**What is expected:** Exact copies of the lines from the line containing "[두한성형외과 경쟁력 쌍꺼풀(눈)" through the last line of the entries below are the whole answer.

**Material provided:**
◇ ◇ ◇ ◇ ◇ ◇ ◇

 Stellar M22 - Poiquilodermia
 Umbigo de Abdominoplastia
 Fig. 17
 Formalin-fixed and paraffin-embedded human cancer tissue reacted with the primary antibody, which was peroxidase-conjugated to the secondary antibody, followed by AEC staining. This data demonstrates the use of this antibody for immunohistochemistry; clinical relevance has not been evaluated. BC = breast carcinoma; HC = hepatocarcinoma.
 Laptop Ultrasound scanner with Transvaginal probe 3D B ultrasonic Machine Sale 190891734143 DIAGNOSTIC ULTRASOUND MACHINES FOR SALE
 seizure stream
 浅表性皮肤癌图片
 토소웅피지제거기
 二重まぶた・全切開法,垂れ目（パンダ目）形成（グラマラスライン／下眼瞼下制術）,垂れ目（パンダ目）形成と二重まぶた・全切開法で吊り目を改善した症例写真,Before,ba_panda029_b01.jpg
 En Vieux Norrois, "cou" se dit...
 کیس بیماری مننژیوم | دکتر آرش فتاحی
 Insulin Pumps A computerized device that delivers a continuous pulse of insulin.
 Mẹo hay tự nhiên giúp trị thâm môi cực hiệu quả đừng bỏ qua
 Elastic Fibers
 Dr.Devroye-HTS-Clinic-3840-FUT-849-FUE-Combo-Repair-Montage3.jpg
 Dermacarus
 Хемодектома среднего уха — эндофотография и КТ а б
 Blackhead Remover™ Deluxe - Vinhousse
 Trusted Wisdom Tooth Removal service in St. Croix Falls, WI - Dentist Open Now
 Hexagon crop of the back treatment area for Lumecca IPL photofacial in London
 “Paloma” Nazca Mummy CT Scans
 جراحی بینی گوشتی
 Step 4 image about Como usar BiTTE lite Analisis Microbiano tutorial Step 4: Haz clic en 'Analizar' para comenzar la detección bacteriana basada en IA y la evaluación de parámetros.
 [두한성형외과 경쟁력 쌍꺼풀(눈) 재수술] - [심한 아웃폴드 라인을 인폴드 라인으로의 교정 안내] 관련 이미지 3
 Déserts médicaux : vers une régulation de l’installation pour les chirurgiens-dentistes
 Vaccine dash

◇ ◇ ◇ ◇ ◇ ◇ ◇

**Exercise solution:**
 [두한성형외과 경쟁력 쌍꺼풀(눈) 재수술] - [심한 아웃폴드 라인을 인폴드 라인으로의 교정 안내] 관련 이미지 3
 Déserts médicaux : vers une régulation de l’installation pour les chirurgiens-dentistes
 Vaccine dash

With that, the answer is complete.